March 17, 2008

My Paris getaway – Part 1

September 23, Sunday

I woke up slightly late and so, by the time I got to the Lourve Museum, it was almost noon. Formerly a royal palace, the Lourve is one of the world's largest museums and has one of the greatest art collections ever. To enter, one has to pass through the controversial 21m glass pyramid - a startling contrast of the ultramodern against the palace's classical lines. Commissioned by the late president François Mitterrand and completed in 1989, it allows sunlight to shine on an underground reception area. The photogenic pyramid has become one of Paris's landmarks.


The most famous exhibit at the Lourve has to be Leonardo da Vinci's Mona Lisa. Acquired by François I to hang above his bathtub, Mona Lisa has been the source of legend for centuries. She commands a new gallery of her own and the painting is guarded and protected by bulletproof glass. The world's most famous painting was stolen in 1911 and found in Florence in 1913. Other less well known paintings by da Vince are Virgin and Child with St. Anne and the Virgin of the Rocks. The other highlights of the museum are the armless statue of Venus de Milo and Winged Victory, the headless statue discovered at Samothrace and dating from about 200 B.C.



Top: Mona Lisa, its small size relative to its fame, and the security around the painting. Bottom: Other paintings by da Vinci


Venus de Milo and Winged Victory

Leaving the Lourve, I took a walk through the spectacular statue-studded Jardin des Tuileries, bordering Place de la Concorde. This exquisitely formal garden was laid out as a royal pleasure ground in 1564 but was thrown open to the public by the French Revolution. Trees are arranged according to designs with arrow-straight walking paths. Breaking the sense of order and formality are bubbling fountains and a series of round ponds on which kids sail model boats.

Place de la Concorde is an octagonal traffic hub, built in 1757. It is dominated by an Egyptian obelisk from Luxor, the oldest object made by humans in Paris, circa 1200 B.C. In the Reign of Terror at the time of the French Revolution, the dreaded guillotine was erected on this spot to claim thousands of heads.

Heading north to Place Vendome, an octagon-shaped square lined by 17th century buildings, is home to some of the city's most exclusive stores, specializing in perfume, fashion and jewellery. In its centre towers a 44m column with bas reliefs made from the bronze of 1200 cannons captured in 1805 from the Austrians.

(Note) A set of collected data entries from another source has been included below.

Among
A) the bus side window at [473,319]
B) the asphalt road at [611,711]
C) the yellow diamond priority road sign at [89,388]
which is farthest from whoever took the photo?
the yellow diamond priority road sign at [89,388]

A short walk away is La Madeleine, one of Paris's minor landmarks. Though construction began in 1806, it wasn't consecrated until 1842. Resembling a Roman temple, the building was intended as a monument to the glory of the Grande Armée. Later, several alternative uses were considered: the National Assembly, the Bourse, and the National Library.


Clockwise from top left: Jardin des Tuileries, Place Vendome, La Madeleine, Place de la Concorde


Making my way back to Place de la Concorde, I embarked on the most popular walk in Paris, leading all the way to the Arc de Triomphe. The 3.2km walk would take me through Champ Elysee, Musee de Petit Palais and Grand Palais. Pointing from Place de la Concorde like a broad, straight arrow to the Arc de Triomphe at the far end, the Champs-Elysées (the main street of Paris) is touted as the world's most famous promenade. For the first third of the stroll from Place de la Concorde, the avenue is hedged by chestnut trees. Then it changes into a double row of palatial hotels and shops, movie houses, office buildings, and block after block of sidewalk cafes. I took a brief detour from the boulevard for the Musee de Petit Palais and Grand Palais. Built for the 1900 World's Fair, the Petit Palais and Grand Palais are covered by domes of iron and glass. With its 240 metre-long façade, the Grand Palais is used for various exhibitions. The Petit Palais, located across the street from the Grand Palais houses the Musee des Beaux-Arts de la Ville de Paris.


Top: Musee de Petit Palais and Grand Palais. Bottom: The famed Champ-Elysees


At the end of the broad boulevard is the Arc de Triomphe. It's the biggest triumphal arch in the world, about 49m high and 44m wide, and located in the middle of Paris's busiest traffic hub. Commissioned by Napoleon in 1806 to commemorate the victories of his Grand Armée, it wasn't completed until 1836. Four years later, Napoleon's remains, brought from St. Helena, passed under the arch on their journey to his tomb at the Hôtel des Invalides. Since that time it has become the focal point for state funerals. It's also the site of the tomb of the Unknown Soldier, in whose honor an eternal flame burns.


3 comments:

Mummy to QiQi said...

u are so lucky to be in Paris (the place that I have always wanted to go). But look like the vacation to this romantic city would have to put on hold until my children are big..

jazzmint said...

wahh...love the pics. i've got plans for france so this is a great tip ;).

guess what, my hubby went to lourve and fell asleep lookin at the monalisa photo hahaha...teruk rite

A Mom's Diary said...

Chinnee, given your determination, sooner or later, your dream will surely come true.